Theming and visual surface. Manubot has one look. Quarto ships Bootswatch themes, custom SCSS support, light/dark variants, syntax highlighting themes, code-copy buttons, accessible semantic HTML by default. Authors can change the entire look with theme: cosmotheme: flatly in _quarto.yml.

Output formats. Manubot’s primary outputs are HTML and PDF. Quarto adds DOCX (often required for journal submission), JATS XML (what journals actually ingest), ePub, and revealjs slides — all from the same source. The manuscript template’s CI renders HTML, PDF, and DOCX on every push.

Visual editor. RStudio and VS Code both ship a Quarto visual editor with citation-insert from DOI / Crossref / PubMed built in — a partial in-IDE version of what auto-resolution automates at build time, useful when you want to look up a citation interactively. No equivalent in manubot’s tooling.

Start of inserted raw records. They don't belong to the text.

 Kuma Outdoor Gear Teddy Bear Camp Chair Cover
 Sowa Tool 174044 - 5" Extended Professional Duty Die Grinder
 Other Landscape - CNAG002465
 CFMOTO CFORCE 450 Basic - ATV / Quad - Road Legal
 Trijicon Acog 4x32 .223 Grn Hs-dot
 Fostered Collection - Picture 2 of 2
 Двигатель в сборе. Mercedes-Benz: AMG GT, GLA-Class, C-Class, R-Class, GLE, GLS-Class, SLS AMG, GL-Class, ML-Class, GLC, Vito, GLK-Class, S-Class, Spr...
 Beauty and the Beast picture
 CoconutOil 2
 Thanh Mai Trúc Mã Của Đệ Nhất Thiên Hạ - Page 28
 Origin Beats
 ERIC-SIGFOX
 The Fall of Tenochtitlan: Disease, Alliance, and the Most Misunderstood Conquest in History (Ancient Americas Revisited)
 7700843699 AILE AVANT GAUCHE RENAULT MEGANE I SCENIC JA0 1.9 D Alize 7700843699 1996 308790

These come from Quarto, not from quartobot, but they’re available on any quartobot project because the substrate is Quarto:

  • Cross-references that number themselves across formats: @fig-volcano-plot, @tbl-cohort, @sec-methods, @eq-bayes.
  • Margin notes via .column-margin — Tufte-style sidebar content without templating gymnastics.
  • Callouts (note, tip, warning, important, caution) for asides that aren’t blockquotes.
  • Tabsets for tabbed HTML content where it helps.
  • Hypothes.is annotations in one config line: format.html.comments.hypothesis: true.
  • Full-text search built-in on book and website project types.
  • Includes and shortcodes for splitting files and passing values from CI cleanly.

Mostly nothing structural — quartobot deliberately reuses manubot’s load-bearing pieces. The list of things you’d lose moving over is narrow:

  • Manubot’s rootstock template integration. Manubot ships a specific template repo with its own conventions. quartobot deliberately doesn’t: Quarto already ships quarto create project manuscript (and book, and website), and quartobot init layers the citation-resolution + CI machinery on top. Different shape, same outcome.
  • Manubot-specific author / reviewer affiliations metadata. Manubot’s metadata.yaml has bespoke fields for author ORCIDs, reviewer credit, contribution statements. Quarto’s YAML front-matter has analogous fields (author:, affiliations:) but the shape isn’t a one-to-one match — see Migrating from manubot for the translation.
  • manubot CLI commands beyond cite. Manubot has a fuller CLI (manubot process, manubot webpage, etc.) that orchestrates its bespoke build. quartobot’s CLI is smaller (scan, validate, resolve, init) because the rendering itself is Quarto’s job.

If you’re using manubot for the resolver and the manuscript-as-software pattern, you’re using exactly what quartobot keeps. If you’re using manubot for the rootstock conventions specifically, see the migration guide for the translation.